Re: builder io isue

[Date Prev][Date Next][Thread Prev][Thread Next][Date Index][Thread Index]

 



On 12/26/2011 03:57 AM, Brendan Conoboy wrote:
On 12/25/2011 03:47 AM, Gordan Bobic wrote:
On 12/25/2011 06:16 AM, Brendan Conoboy wrote:
Allocating builders to individual rather than a single raid volume will
help dramatically.
Care to explain why?

Sure, see below.

Is this a "proper" SAN or just another Linux box with some disks in it?
Is NFS backed by a SAN "volume"?

As I understand it, the server is a Linux host using raid0 with 512k
chunks across 4 sata drives. This md device is then formatted with some
filesystem (ext4?). Directories on this filesystem are then exported to
individual builders such that each builder has its own private space.
These private directories contain a large file that is used as a
loopback ext4fs (IE, the builder mounts the nfs share, then loopback
mounts the file on that nfs share as an ext4fs). This is where
/var/lib/mock comes from.

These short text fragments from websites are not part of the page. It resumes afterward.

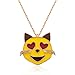 yesNA® Collar de emoji de plata de ley con ojos de corazón emoji para mujer / Gümüs Kalp Gözlü Kedi Emoji Kadin Kolye, Plata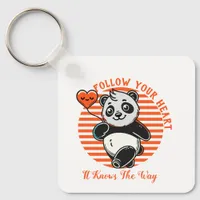 Follow Your Heart Panda Cute Inspirational Keychain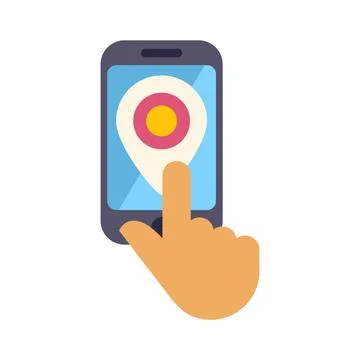 Hand touching smartphone screen with location pin icon Stock Illustration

Just to be clear, if you looked at nfs mounted
directory on a build host you would see a single large file that
represented a filesystem, making traditional ext?fs tuning a bit more
complicated.

Why not just mount direct via NFS? It'd be a lot quicker, not to mention easier to tune. It'd work for building all but a handful of packages (e.g. zsh), but you could handle that by having a single builder that uses a normal fs that has a policy pointing the packages that fail self-tests on NFS at it.

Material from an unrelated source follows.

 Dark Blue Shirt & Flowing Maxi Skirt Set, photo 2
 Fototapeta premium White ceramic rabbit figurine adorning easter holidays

The structural complication is that we have something like 30-40 systems
all vying for the attention of those 4 spindles. It's really important
that each builder not cause more than one disk to perform an operation
because seeks are costly, and if just 2 disks get called up by a single
builder, 50% of the storage resources will be taken up by a single host
until the operation completes. With 40 hosts, you'll just end up
thrashing (with considerably fewer hosts, too).. Raid0 gives great
throughput, but it's at the cost of latency. With so many 100mbit
builders, throughput is less important and latency is key.

512KB chunks sound vastly oversized for this sort of a workload. But if you are running ext4 on top of loopback file on top of NFS, no wonder the performance sucks.

Roughly put, the two goals for good performance in this scenario are:

1. Make sure each builder only activates one disk per operation.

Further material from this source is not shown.